*** Block opens ***

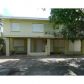 224 N C ST # 1, Lake Worth, FL 33460 ID:7329076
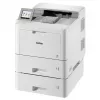 Spausdintuvas Brother HL-L9470CDNT lazerinis spalvotas 2400 x 600 DPI A4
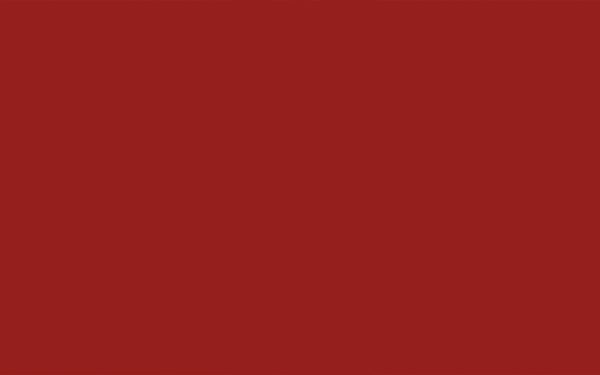 Muestra del producto BRIGHT RED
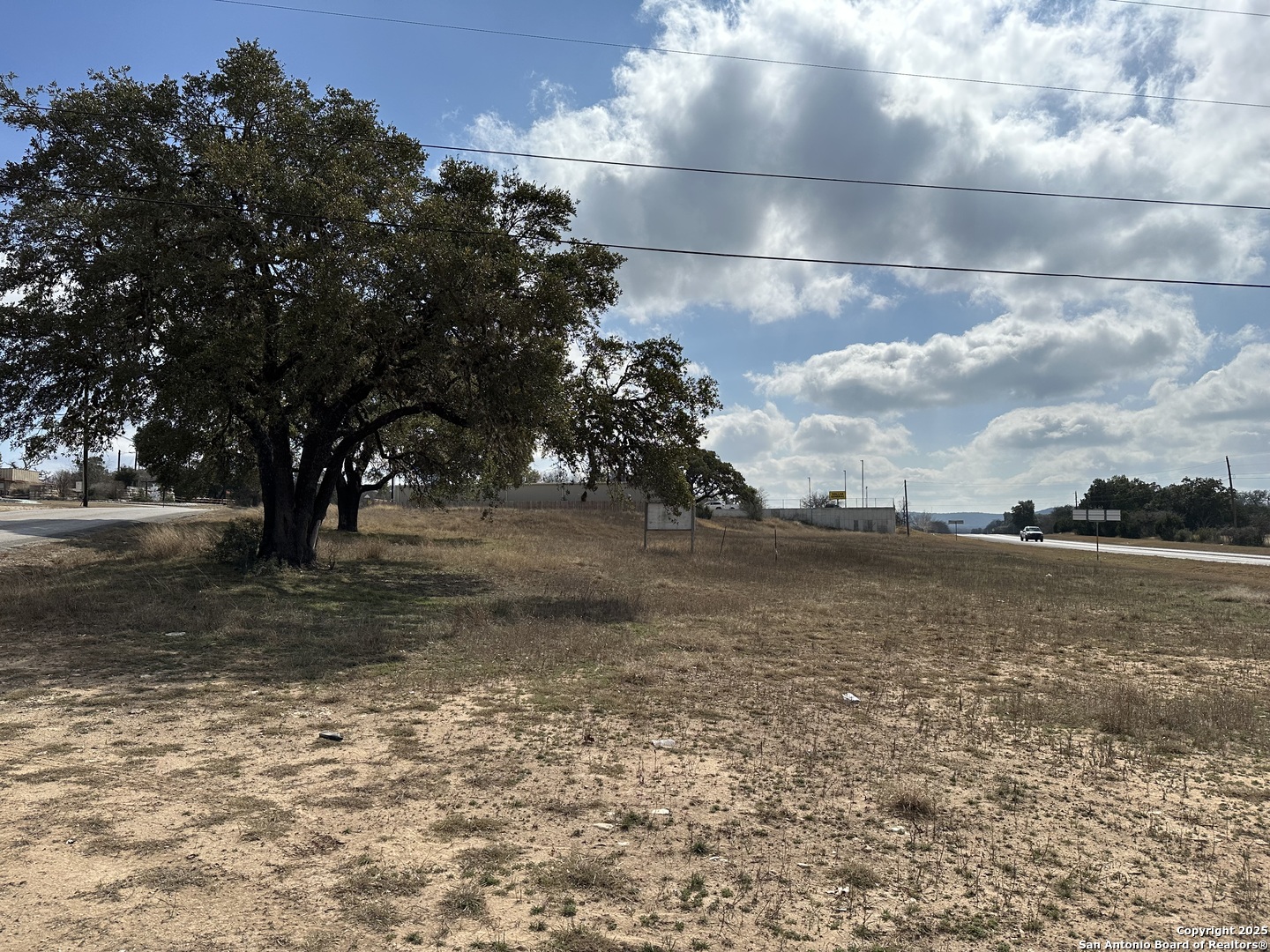 0 Hwy 173 S — photo
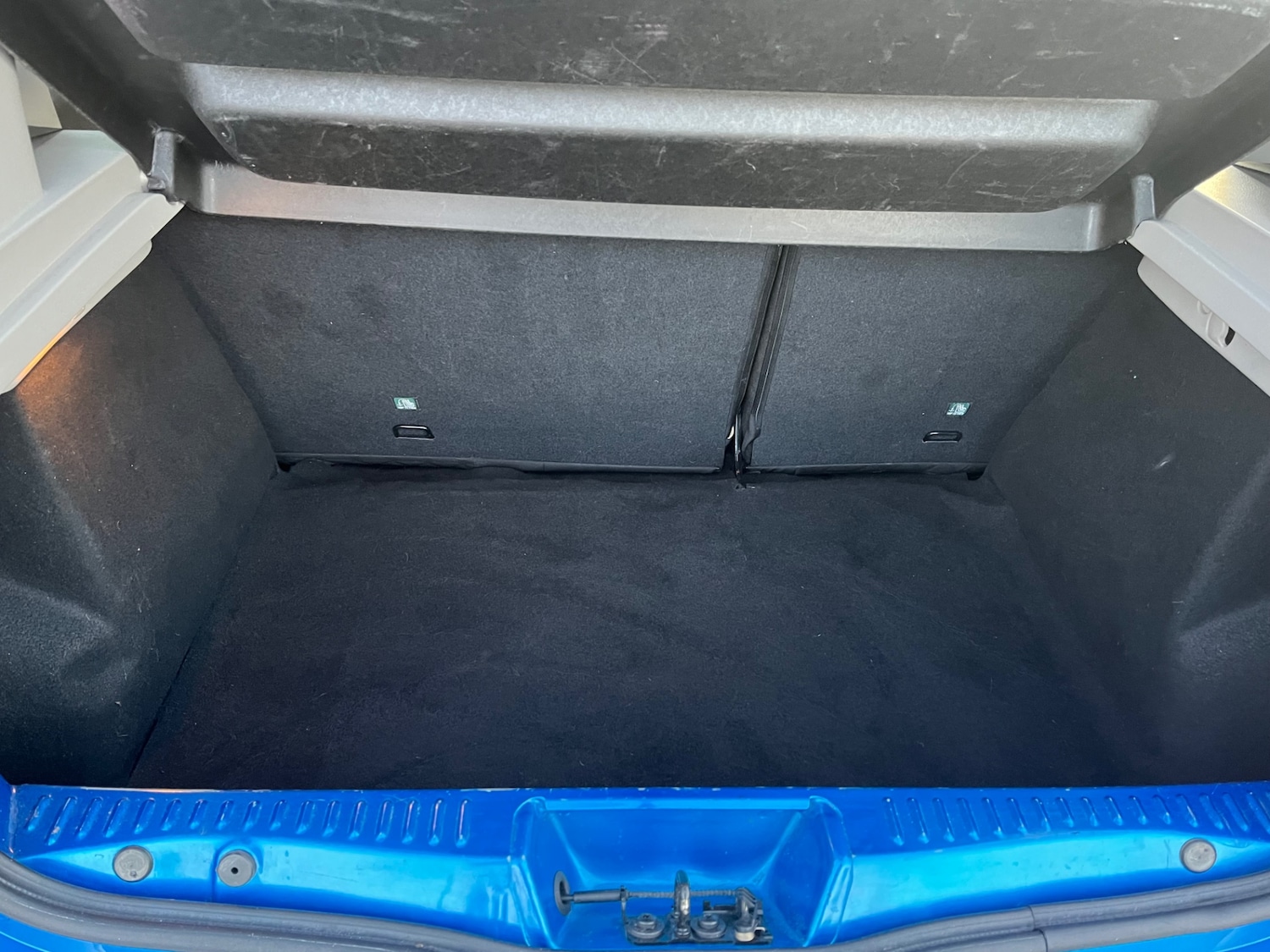 Used Dacia Sandero Stepway 2014 for sale - 76508087: Photo 12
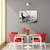 Tablou Canvas - Trecutul, Marime: 40 x 60 cm - 4- Roveli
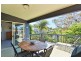7 Lanyon Road, Vincentia NSW 2540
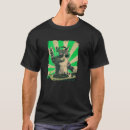 Suche nach dj kopfhörer tshirts Technik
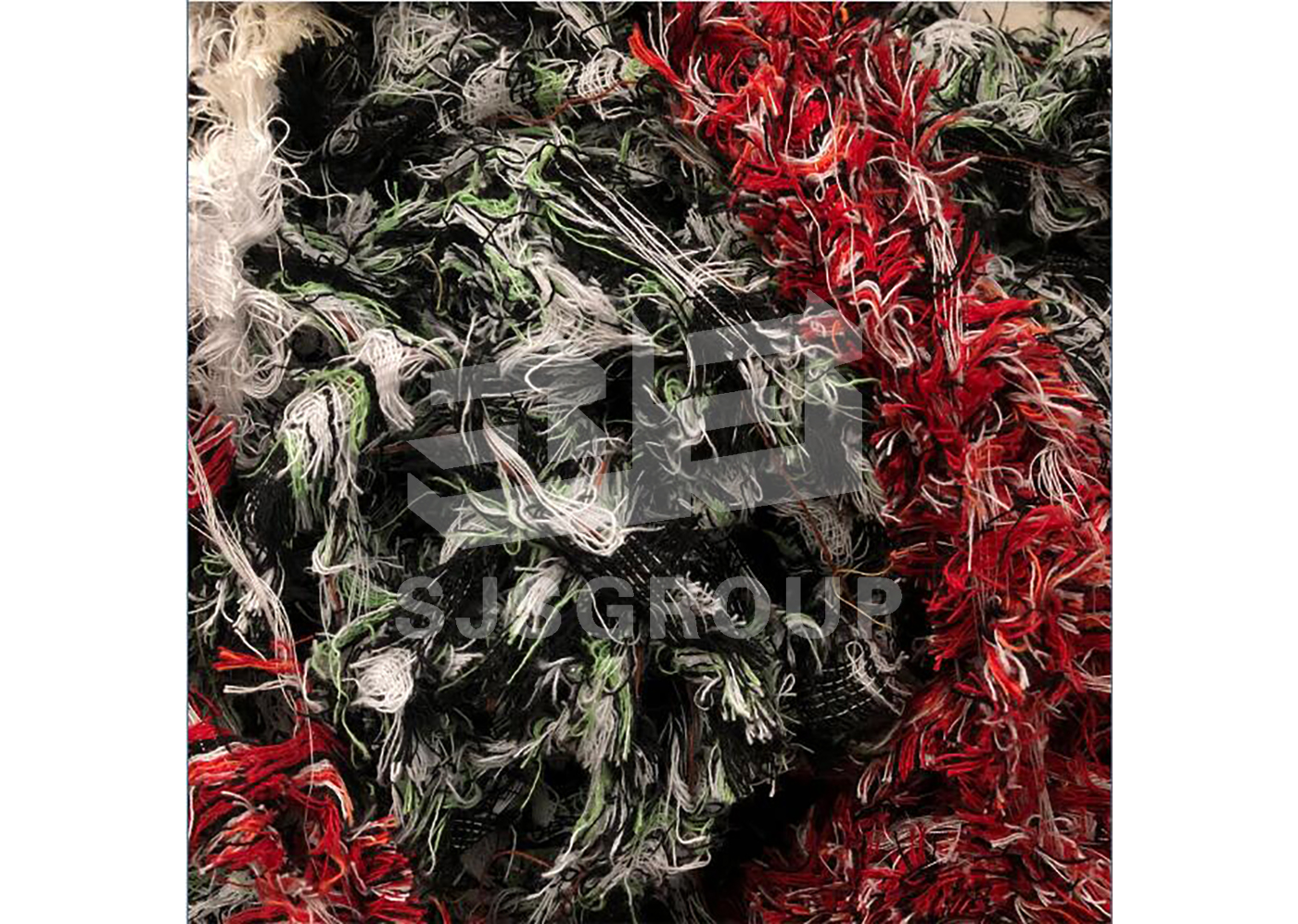 color-cotton-waste-index-03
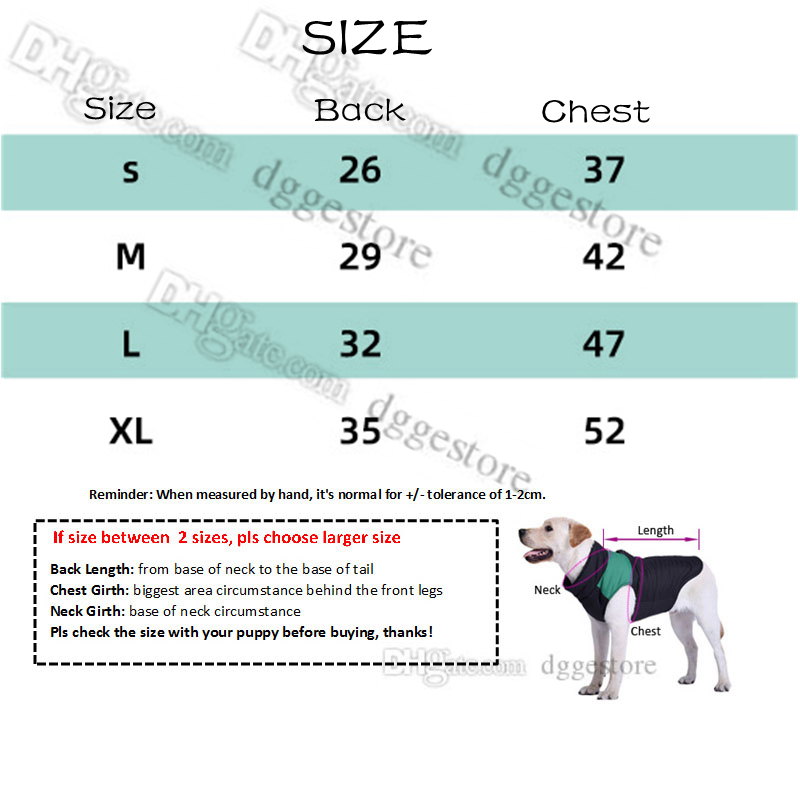 Dog Dresses Floral Puppy Skirt Pet Princess Bowknot Dress Cute Doggie Summer Outfits Pets Clothes for Small Dogs Yorkie Poodle Female Cat Wholesale S A754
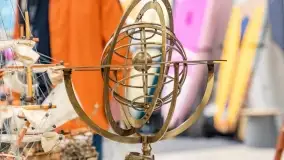 Fotorelacja z  Poland Boat Show & Warszawski Salon Jachtowy 2022 - zdjęcie 129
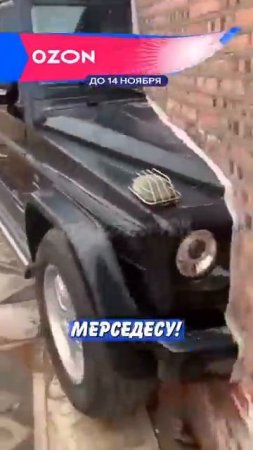 Новостничок (36)
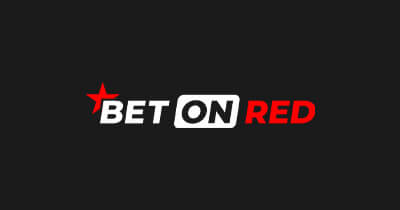 BetOnRed
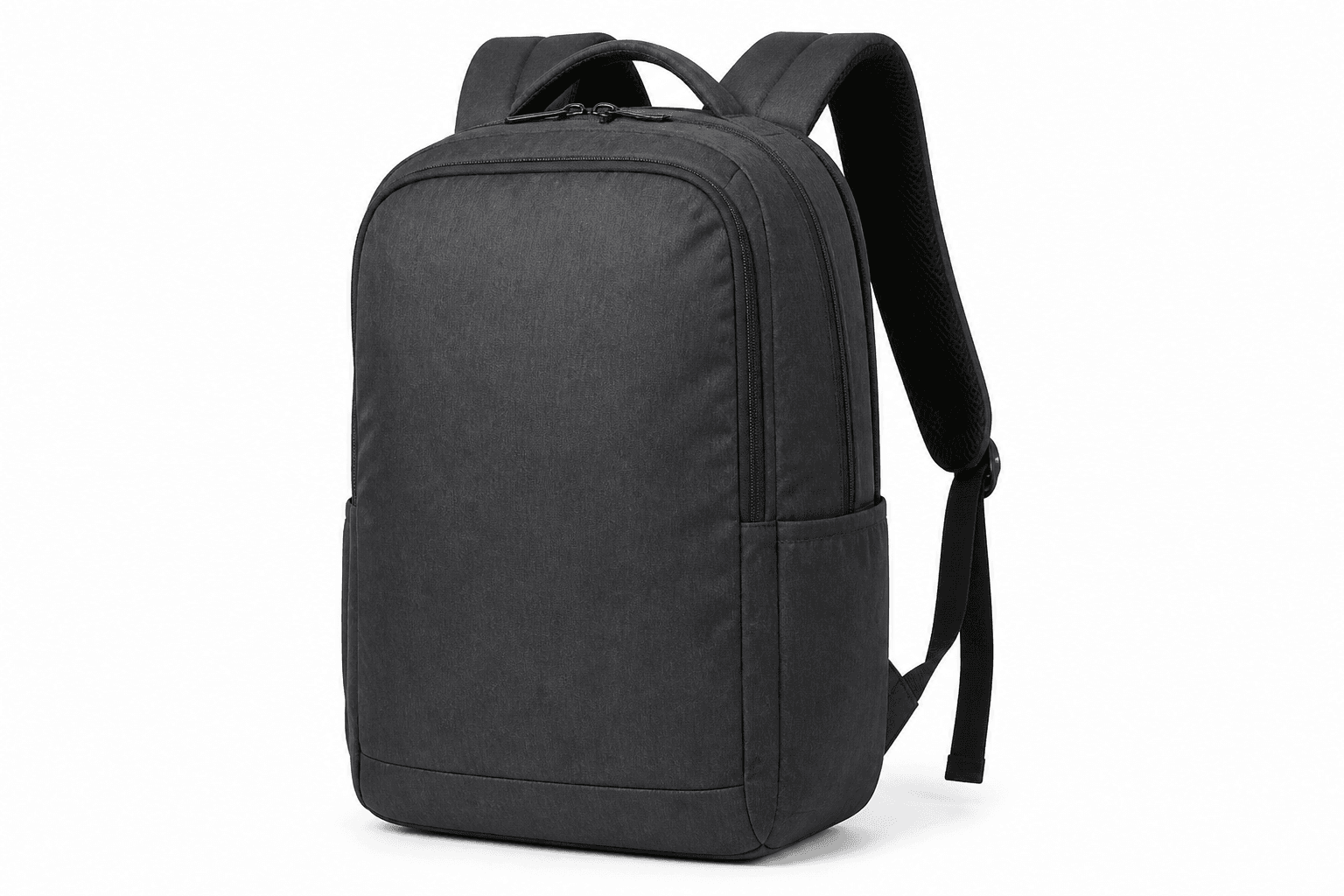 Daypack Backpack 25L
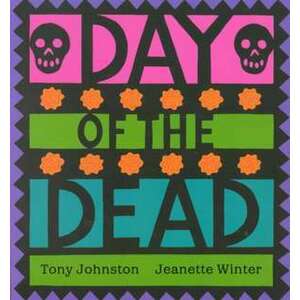 Day Of The Dead imagine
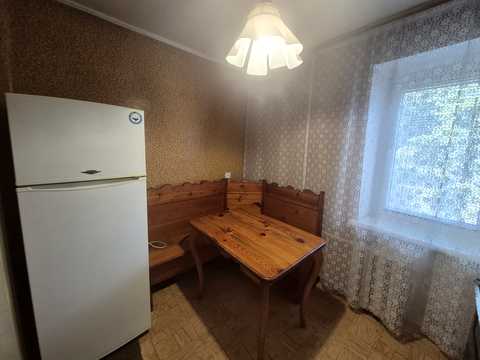 квартира по адресу Симона Петлюры ул. (Тимірязєва), 3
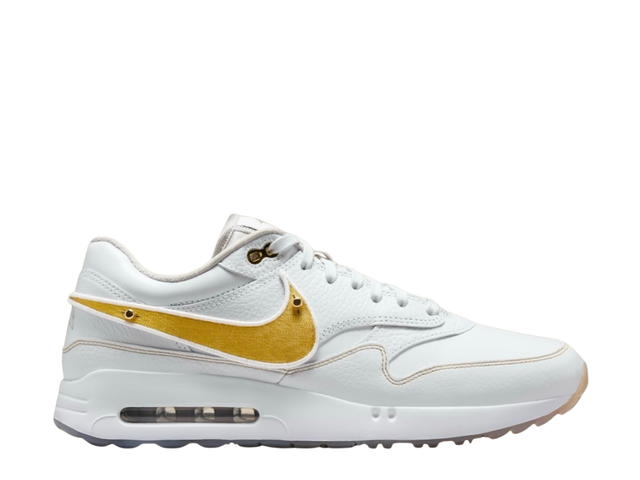 Nike Nike Air Max 1 x Eastside Golf 86 OG Golf - view 1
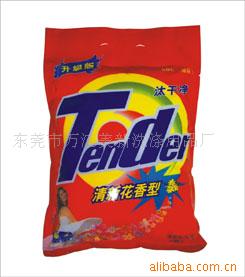 ̭ɾϴ·600g×12ṩӹ
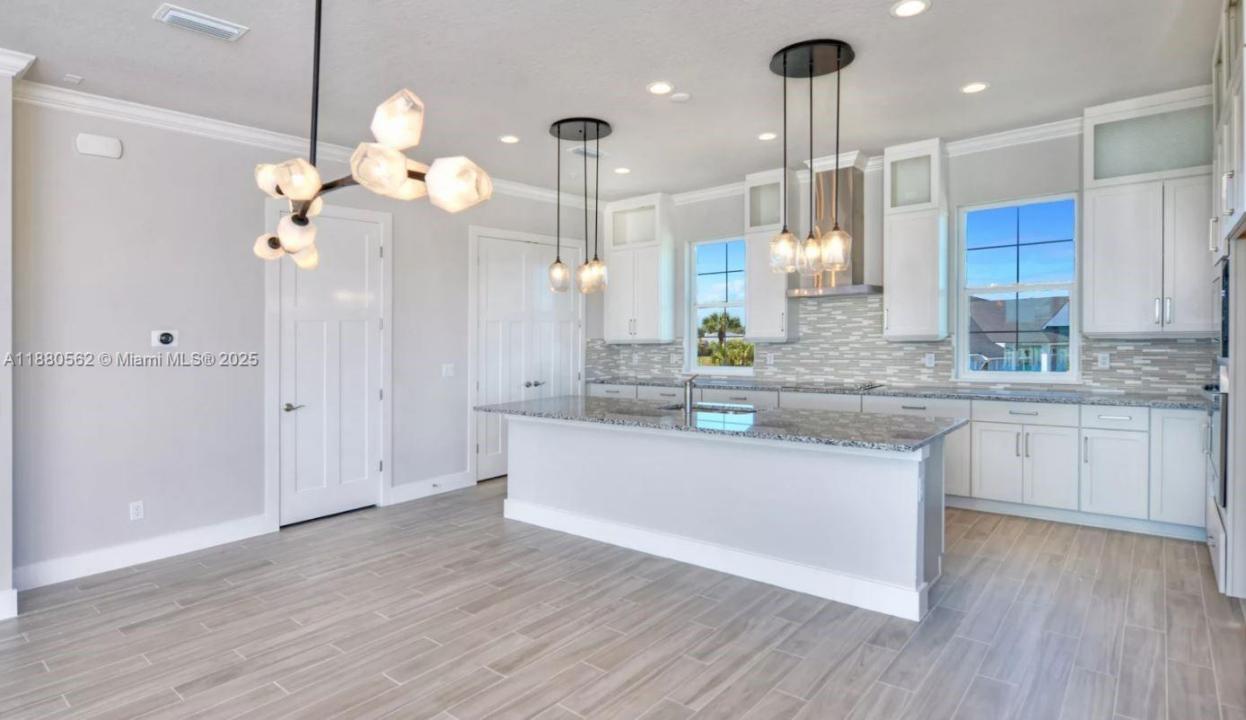 23 Marden Drive, Ormond Beach, Florida 32176, Estados Unidos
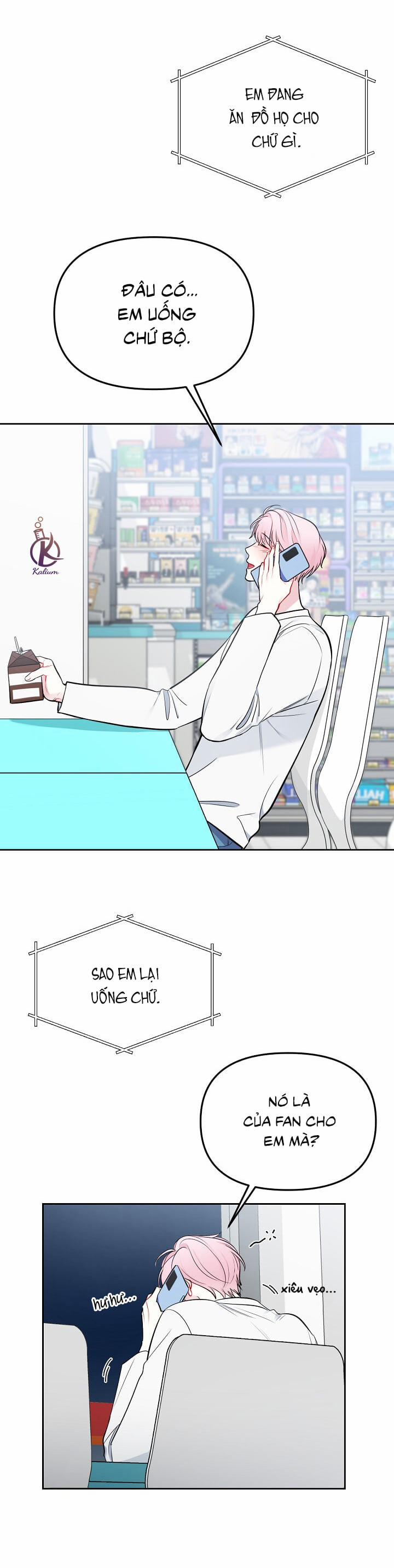 Quỹ đạo của vì sao 25.5 trang 2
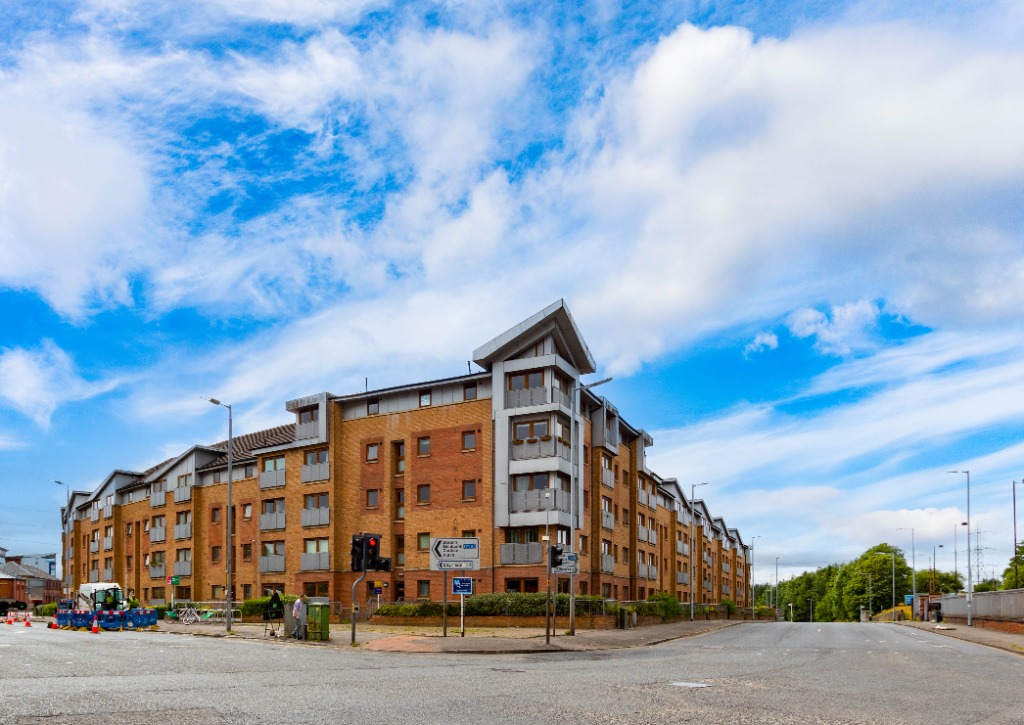 Rent Property Image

*** Block closes ***

• **Action item**:
A verbatim reproduction of each entry is expected, with every picture omitted.

• **Result of this exercise**:
 224 N C ST # 1, Lake Worth, FL 33460 ID:7329076
 Spausdintuvas Brother HL-L9470CDNT lazerinis spalvotas 2400 x 600 DPI A4
 Muestra del producto BRIGHT RED
 0 Hwy 173 S — photo
 Used Dacia Sandero Stepway 2014 for sale - 76508087: Photo 12
 Tablou Canvas - Trecutul, Marime: 40 x 60 cm - 4- Roveli
7 Lanyon Road, Vincentia NSW 2540
 Suche nach dj kopfhörer tshirts Technik
 color-cotton-waste-index-03
 Dog Dresses Floral Puppy Skirt Pet Princess Bowknot Dress Cute Doggie Summer Outfits Pets Clothes for Small Dogs Yorkie Poodle Female Cat Wholesale S A754
 Fotorelacja z  Poland Boat Show & Warszawski Salon Jachtowy 2022 - zdjęcie 129
 Новостничок (36)
 BetOnRed
 Daypack Backpack 25L
 Day Of The Dead imagine
 квартира по адресу Симона Петлюры ул. (Тимірязєва), 3
 Nike Nike Air Max 1 x Eastside Golf 86 OG Golf - view 1
 ̭ɾϴ·600g×12ṩӹ
 23 Marden Drive, Ormond Beach, Florida 32176, Estados Unidos
 Quỹ đạo của vì sao 25.5 trang 2
 Rent Property Image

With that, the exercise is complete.